Mr. M. M. W. Age 39. M. G. H. No. 184216 W. S., Aug. 5, 1912. A clear case of badly ruptured supraspinatus tendon. The tendon was sutured with heavy silk and function was restored. During the following year he had much pain on use of the arm in his work as a laborer. The bursa was again explored and the silk sutures and some of the chronic inflammatory tissues lying about them were removed. I also made a new opening into the true joint to permit the fluid to flow into the bursa. This was followed by improvement but not by complete relief. No late report. Note that entire repair of the rupture had taken place.

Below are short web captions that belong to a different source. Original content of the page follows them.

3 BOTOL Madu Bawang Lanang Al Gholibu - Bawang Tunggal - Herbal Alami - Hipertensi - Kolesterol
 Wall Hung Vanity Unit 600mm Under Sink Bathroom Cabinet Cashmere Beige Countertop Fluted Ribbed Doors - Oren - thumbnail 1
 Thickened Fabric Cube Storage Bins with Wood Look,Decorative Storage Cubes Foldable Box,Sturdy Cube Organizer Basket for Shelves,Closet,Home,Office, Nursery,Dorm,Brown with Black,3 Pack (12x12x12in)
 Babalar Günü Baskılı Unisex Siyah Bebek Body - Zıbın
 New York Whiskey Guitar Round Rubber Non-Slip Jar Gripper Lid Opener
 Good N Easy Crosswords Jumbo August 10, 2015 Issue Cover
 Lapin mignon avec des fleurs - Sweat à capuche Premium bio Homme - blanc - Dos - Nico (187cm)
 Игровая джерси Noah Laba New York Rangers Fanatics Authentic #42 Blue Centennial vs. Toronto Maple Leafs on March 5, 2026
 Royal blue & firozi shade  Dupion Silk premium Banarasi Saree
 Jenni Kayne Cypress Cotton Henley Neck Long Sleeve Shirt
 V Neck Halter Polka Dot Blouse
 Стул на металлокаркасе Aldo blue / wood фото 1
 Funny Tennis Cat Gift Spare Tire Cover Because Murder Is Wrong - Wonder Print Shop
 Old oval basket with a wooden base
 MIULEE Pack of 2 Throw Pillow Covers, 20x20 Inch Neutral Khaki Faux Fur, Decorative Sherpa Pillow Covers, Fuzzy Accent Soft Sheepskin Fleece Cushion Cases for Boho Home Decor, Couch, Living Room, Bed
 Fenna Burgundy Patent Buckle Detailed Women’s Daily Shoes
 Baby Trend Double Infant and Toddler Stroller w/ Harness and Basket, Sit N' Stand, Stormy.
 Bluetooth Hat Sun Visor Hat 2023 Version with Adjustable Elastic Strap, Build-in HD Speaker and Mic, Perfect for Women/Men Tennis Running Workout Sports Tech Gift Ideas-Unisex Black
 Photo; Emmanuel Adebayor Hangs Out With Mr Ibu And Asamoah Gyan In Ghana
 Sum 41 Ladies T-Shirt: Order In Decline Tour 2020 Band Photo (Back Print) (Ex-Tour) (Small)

Mr. T. M. Age 50+. Operated on at Faulkner Hospital, July 24, 1926, six months after his injury. The supraspinatus, infraspinatus and part of the subscapularis were found to be torn away, exposing the biceps tendon, which was greatly inflamed. There was much fluid in the joint. A very unsatisfactory suture was made, and the tuberosity had to be drilled. The arm was put up in abduction. Mild sepsis occurred and there was much fluid drainage, so that the wound took several weeks to heal. Some of the deep sutures were taken out. In spite of this the result at first was good, and he returned to his work after five months.   He worked for a year and three months, although in some pain, and then had another slight injury. On July 2, 1928,1 again explored the bursa and found that most of the sutures had pulled away, leaving the condition practically as bad as at the first operation. This was as bad a result as I have ever had. The patient was for a time benefited, but in the end gained nothing by the operation, for I did not attempt a second suture.

CASE 112
Mr. A. C. Age 62. Operated on at the Trumbull Hospital on June 11, 1928, three months after his injury. A typical complete rupture of the supraspinatus was found and satisfactorily sutured. The immediate result appeared to be good. However, the patient would not go to work again, complained bitterly of pain on use of the arm and became very neurasthenic. On Feb. 7, 1929, I again explored the bursa, thinking that if I took out the deep sutures some of the irritation might be relieved.   My notes say:
"I operated on him yesterday under novocaine ansesthesia. Dr. B. E. Wood was present and Dr. Stevenson assisted. Incision was made just inside the old scar and the bursa was opened. It was clearly shown that the former suture had been effective in restoring the insertion of the tendon. Moreover, the floor of the bursa was smooth and shiny, and there did not appear to be any cause for friction over the site of the suture. One heavy silk suture could be seen just below the transparent synovial lining of the base of the bursa; this was easily pulled out, but the other two sutures were buried deeply in the new-formed tendon and were found and removed with difficulty, as I was anxious not to weaken the tendon in so doing. In two of the sutures the knots were apparently untied; in one the knot was still present, but almost untied. At first I thought that the knots of the two untied ones had been left behind, but on reflection I think it is more reasonable to suppose that they had become untied as the tissues increased in amount and grew into the knots, which were cut very short. Yet it is possible that they broke off and remained in, although the total amount of silk in the untied ones appears greater than in the tied one by more than double. At any rate, very little silk could have been left behind.
"I did not feel satisfied that the silk was causing any trouble, for there appeared to be no inflammation about it, and the tender point of which the patient complained was nearly a half-inch away from the sutures, on the edge of the greater tuberosity close to the bicipital groove. That there was some inflammation at this point was made clear by finding a little crumbly, soft, cheesy tissue close to the synovial sheath of the biceps tendon, which in certain positions bulged slightly. The repair of the tendon was weakest at this point, and I fear that my search for the sutures weakened it still more, although not to an extent sufficient to interfere with function, and recompensed by the finding of this suspicious tissue. Two tiny bits of this tissue were saved for pathologic examination. (Plate V, Fig. 5.) The patient still claimed to be unable to work in January, 1931.
Since three out of four cases, which were explored a year or so after the first operation, showed not only firm tendons but hyper-trophied ones, it seems to me that it is proved that suture may be effective. In each case I was surprised to see how well nature had restored the even convexity of the floors of the bursae, which at the completions of the operations had been quite irregular and rough at the suture lines. All four cases, if operated on immediately after their injuries, might have had excellent results; as it was, although two of the four cases had good results, little was gained by the other two patients, unless they may take some satisfaction as demonstrators of the fact that these tendons even when badly broken may be repaired.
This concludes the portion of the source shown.